Well it was the 50s. Both sides of the cold war tried to come up with various uses of nuclear power. From civilian cars to military strategic bombers. Never mind using nukes to dig harbors...
There were some crazy conventional technologies also. One scientist, as a joke, did a calculation about the effects of adding mercury to rocket fuel. It wouldn't react with the fuel, but it would add a lot of weight which would make the thrust more efficiently move the rocket forward.
This was tested, found to be true, and thankfully never put to use in any actual rockets.
Ha! Great reference, iirc the humans put a pusher plate under a battle ship (uss missouri?), launched into orbit and pummeled the aliens. I also recall something about fighter craft and 16 inch cannons. Great read.
I recall mainly the jury-rigged pipes that a character based on one of Niven/Pournelle's friends kept working at the cost of his own heroic death. Apparently they asked him what the fate of his character should be, and he picked death.
Based on physical appearance, he surely was also the prototype for the question-asker in "What Can You Say About Chocolate-Covered Manhole Covers?" That basically obscure story was big in my life because it's one of the things that introduced me to Roger Zelazny (it referenced his Agnostic's Prayer).
There is a game that puts this into concept called Jetpack Joyride (made by creators of Fruit Ninja): https://appsto.re/us/TybrB.i.
My physics class actually did a lab report to find the relationship between the # of bullets and distance propelled in the air with the game. While it was nowhere near as accurate as this simulation, it was definitely interesting to see the results.
This analysis and the xkcd one linked below both neglect the concept of staging - which could get you higher. As a first order try you could replace the human on the bed of guns with a smaller bed of guns supporting a squirrel - now you're twice as high! Of course at that point there is nothing stopping you from reaching the moon except for your gun budget and how much unobtanium you can get for the bed connecting structure.
The ammunition mass is a more effective way of increasing your stored energy than extra rifles, so it is at least addressed implicitly in the section that examines the ammo to carry (1 gun with 2 bullets obviously beats 2 guns with single bullets, I guess more complicated situations would follow).
You always want to fly with the minimum number of guns necessary to provide your desired thrust and then as much ammo in addition to that.

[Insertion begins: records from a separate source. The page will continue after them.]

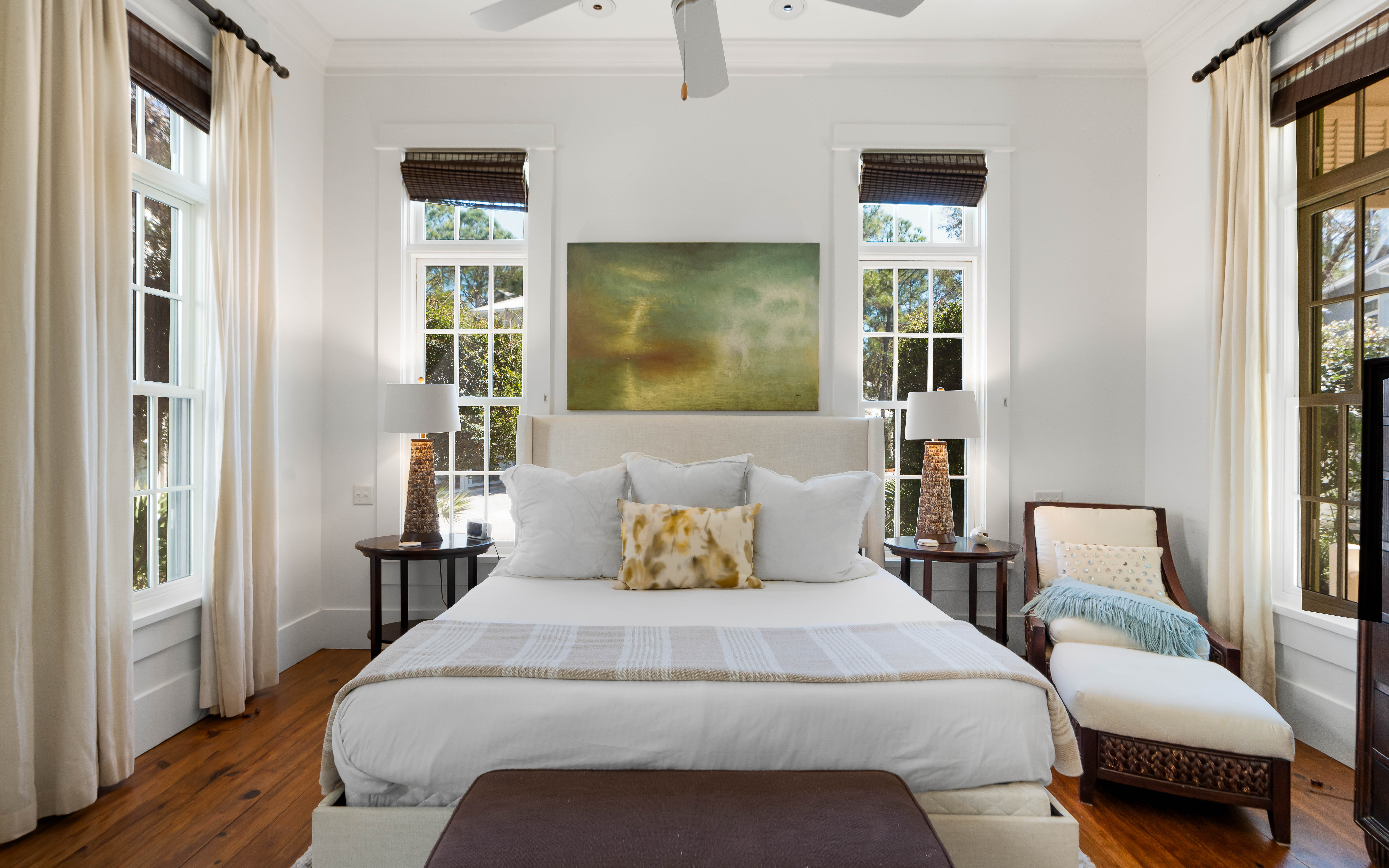 Your elegant bedroom features crisp white linens, warm hardwood floors, and natural light streaming through multiple windows for peaceful mornings.
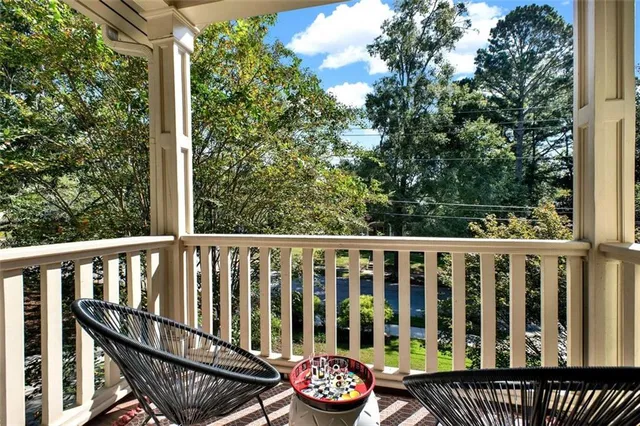 a bathroom with a white bath tub and a toilet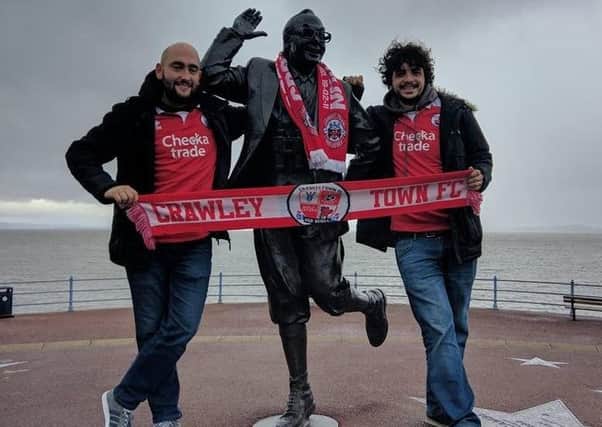 Crawley Town fans with the statue of Eric Morecambe at Morecambe. Pic by Steve Herbert SUS-171010-094951002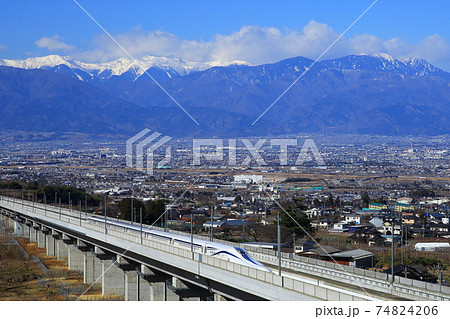 雪を抱いた南アルプスとリニア中央新幹線 74824206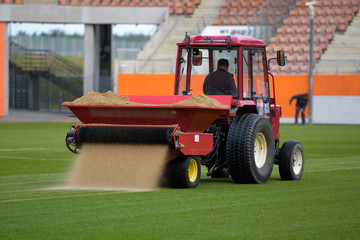 Sandblasting of football field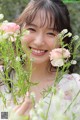 A woman holding a bunch of flowers in her hands.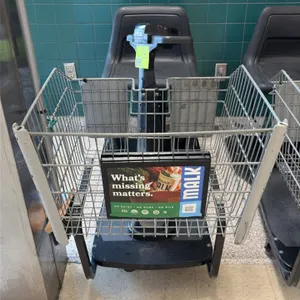 Amigo Value Shopper motorized shopping cart. Features front wire basket, molded plastic seat, steering tiller with integrated controls, and onboard ch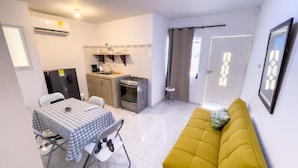 Een kleine leefruimte met een kitchenette, een eethoek en een bank.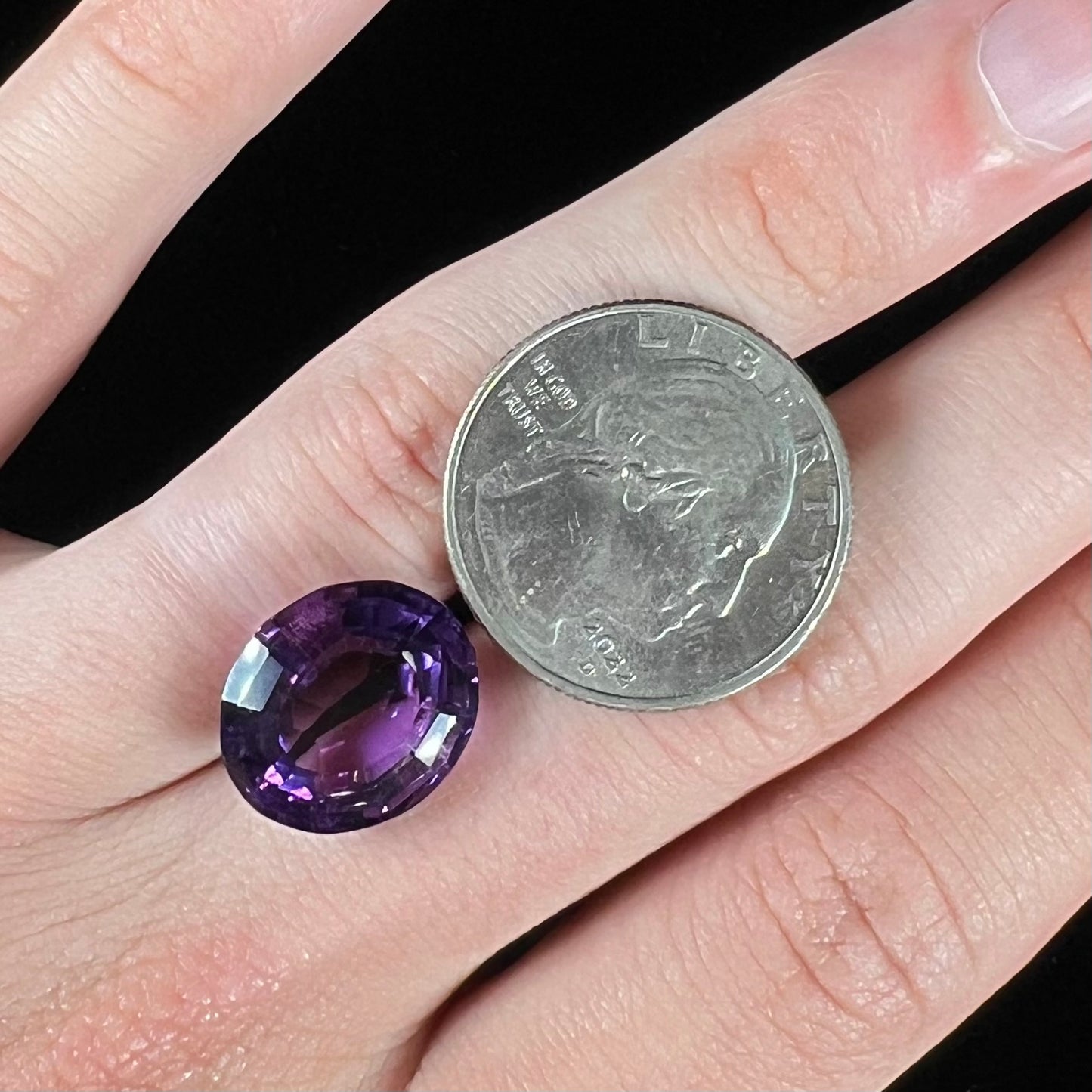 A loose, modified oval cut purple amethyst gemstone.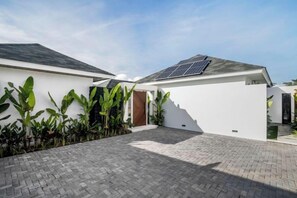 A modern house with a paved driveway, a solar panel on the roof, and a small garden area with tropical plants. - Villa Nature View by BaliSuperHost (Bali)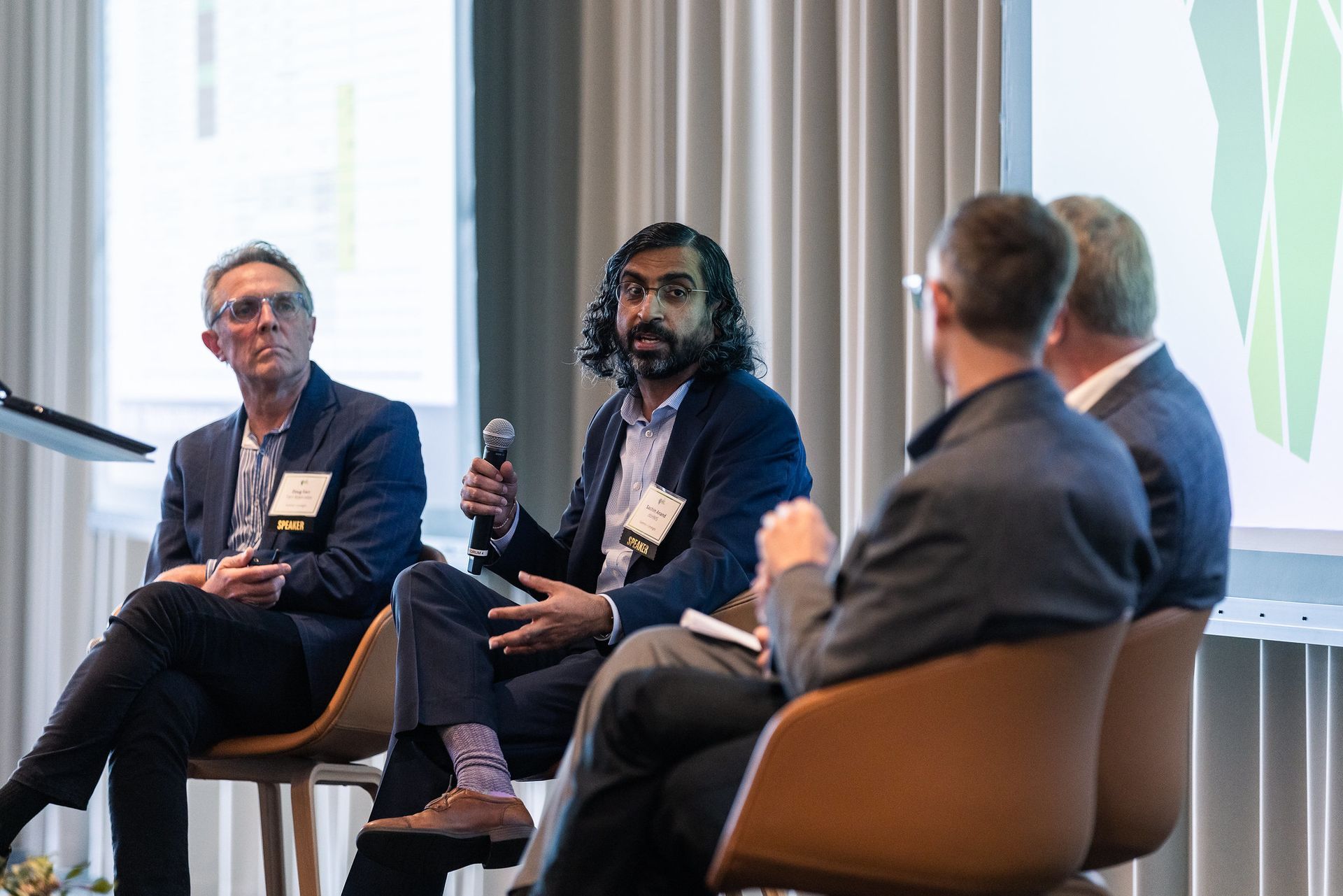 A group of men are sitting in chairs talking to each other at a conference.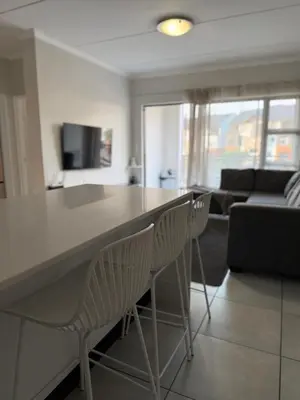 a kitchen and living room with a table and chairs at The Blyde in Pretoria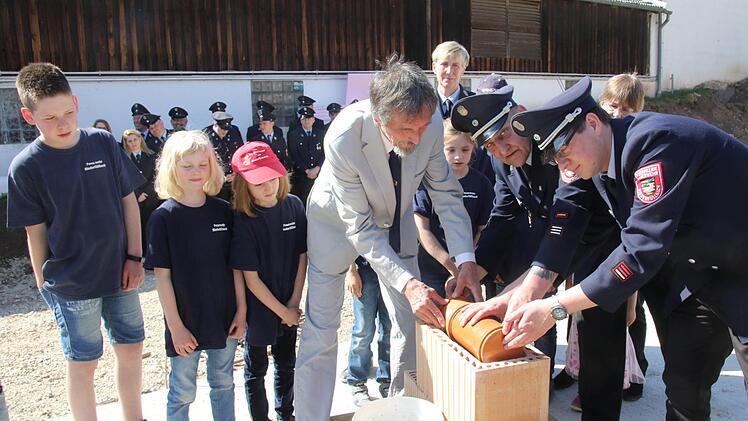Bürgermeister Martin Rauscher, Kommandant Andreas Hackl und sein Stellvertreter Michael Stüllein legen die Zeitkapsel in den Grundstein. Michael Stelzner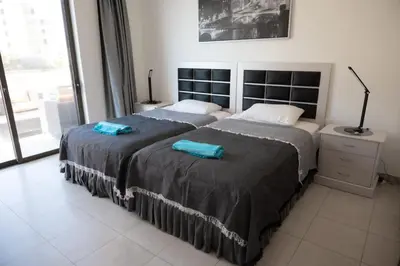 two beds in a bedroom with two blue towels on them at Sunset apartment in Samarah Dead Sea resort in Sowayma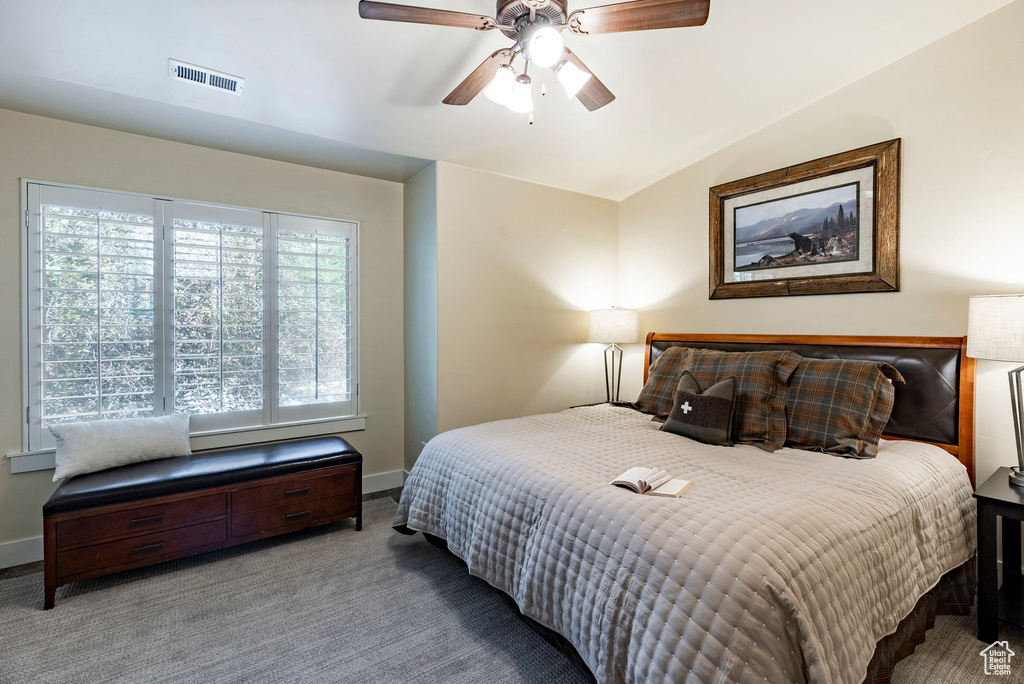 Bedroom featuring carpet, vaulted ceiling, and a ceiling fan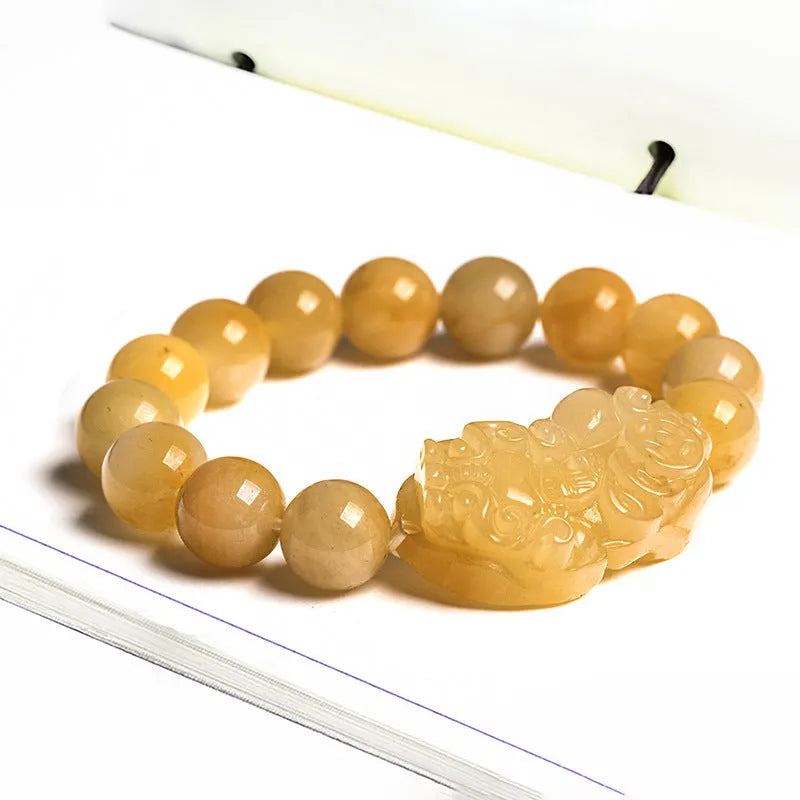 Golden Thread Jinsi Jade carved money bracelet showing pendant and beads, with size option examples.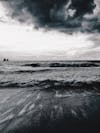 Free Black and white of wavy ocean near sandy coast under cloudy sky in stormy weather Stock Photo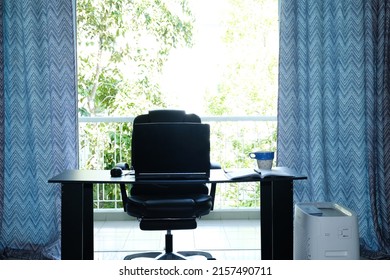 A Noise Effect And Backlight Picture Of Simple Office With Table,laptop, Notebook, Coffee Cup, Chair, Air Purifier And Big Sliding Door Insight. Home Office Concept.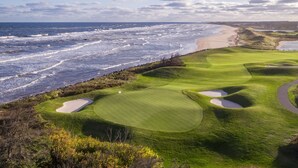 Un parcours de golf situé sur la côte, avec des drapeaux, des bunkers de sable et une vue sur l’océan.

"The average recoil force of the GAU-8/A is 10,000 pounds-force (45 kN), which is slightly more than the output of one of the A-10's two TF34 engines (9,065 lbf / 40.3 kN each). While this recoil force is significant, in practice a cannon fire burst only slows the aircraft a few miles per hour in level flight"
> The airframe vibration led to fatigue cracks in fuel tanks, numerous radio and avionics failures, the necessity of using runways with floodlights for night flights (as the landing lights would often be destroyed), tearing or jamming of the forward landing gear doors (leading to at least three crash landings), cracking of the reflector gunsight, an accidental jettisoning of the cockpit canopy and at least one case of the instrument panel falling off in flight.
It also used to produce so much oxygen-free gas that the engines would flame-out. The engines were modified to deal with it. Its in the same wikipedia article.
I was thinking of a sort of violent version of _Up_, in which Carl launches his house by shooting an assortment of machine guns attached to the bottom his house to propel it upwards instead of using balloons.
So it's rather amusing to me that things are coming full circle, and that Worlfram's guys are now using Munroe's topic to demonstrate SystemModeler, another Wolfram product.